From the line with "PRE-ORDER juliette t-shirt" to the line with "Овощной салат с авокадо", retype each line exactly as it stands in the records below, but skip the pictures.
==============================
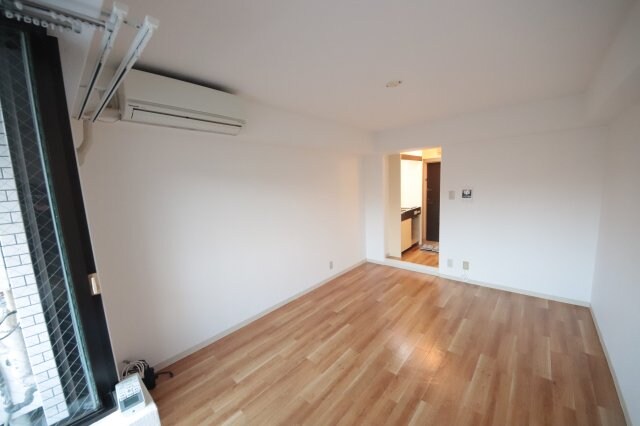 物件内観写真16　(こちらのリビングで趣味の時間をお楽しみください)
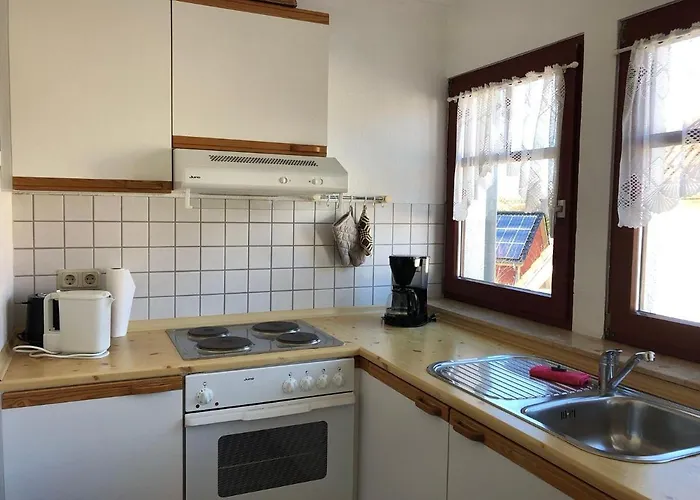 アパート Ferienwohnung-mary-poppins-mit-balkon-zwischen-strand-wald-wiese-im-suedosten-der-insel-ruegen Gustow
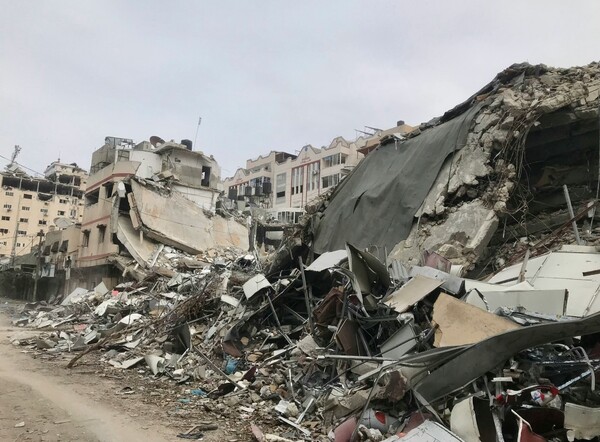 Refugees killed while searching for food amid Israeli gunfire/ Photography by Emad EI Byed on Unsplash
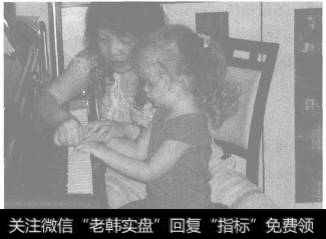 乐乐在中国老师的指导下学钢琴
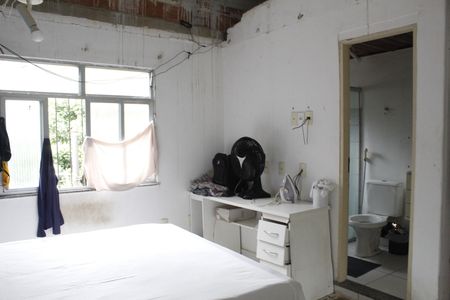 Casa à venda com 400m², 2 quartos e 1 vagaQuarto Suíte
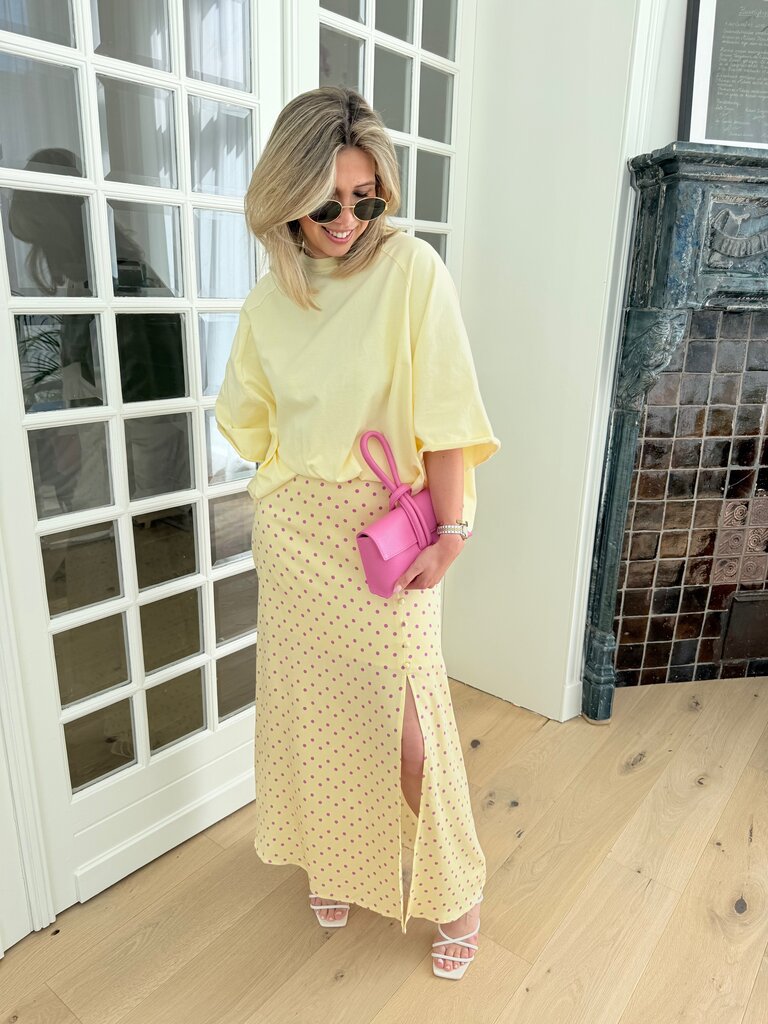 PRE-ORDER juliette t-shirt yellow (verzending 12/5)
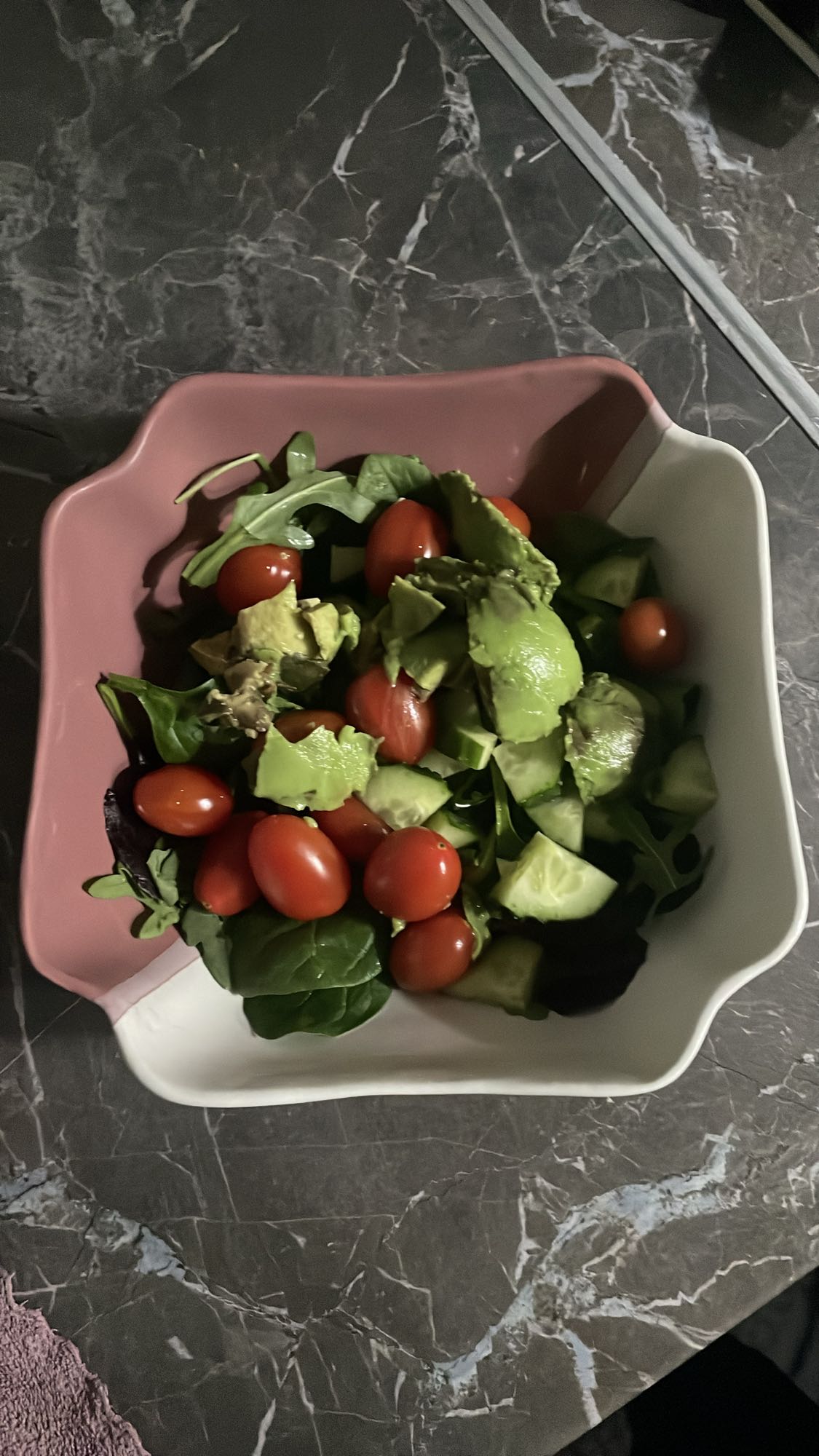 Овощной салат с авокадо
==============================
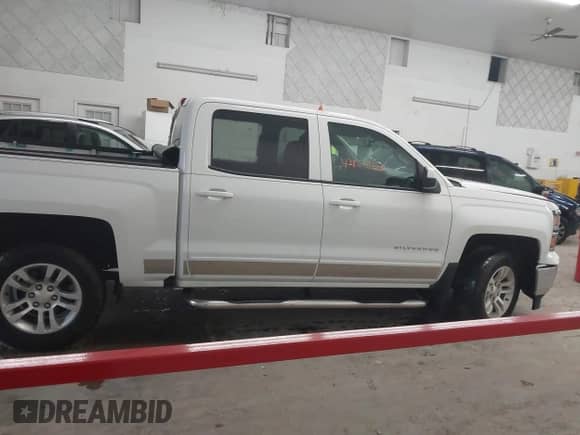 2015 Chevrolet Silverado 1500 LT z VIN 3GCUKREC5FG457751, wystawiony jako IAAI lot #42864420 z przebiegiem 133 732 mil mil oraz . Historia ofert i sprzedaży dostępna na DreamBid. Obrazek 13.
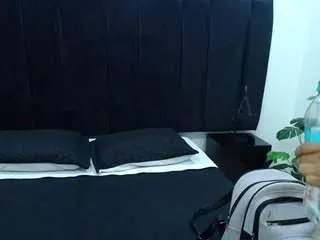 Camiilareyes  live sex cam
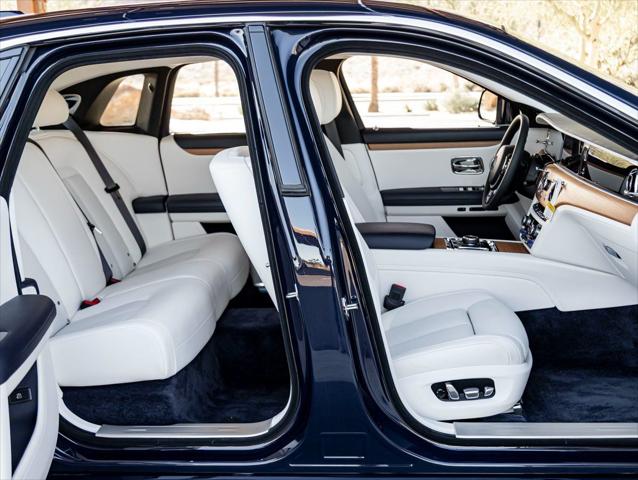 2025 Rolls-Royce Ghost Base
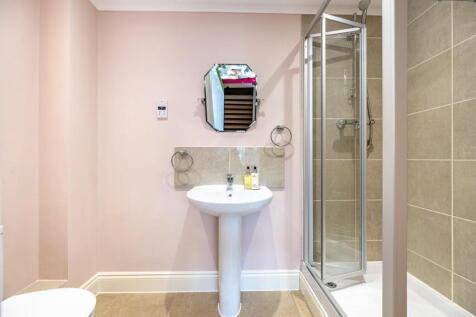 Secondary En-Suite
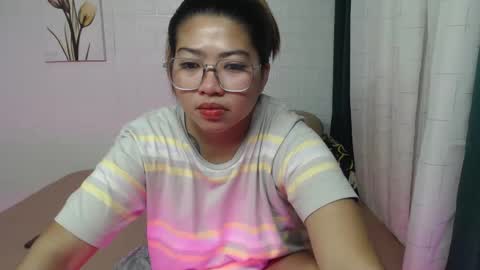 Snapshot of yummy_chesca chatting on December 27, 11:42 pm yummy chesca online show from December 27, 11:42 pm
==============================
TASK OUTPUT:
 PRE-ORDER juliette t-shirt yellow (verzending 12/5)
 Овощной салат с авокадо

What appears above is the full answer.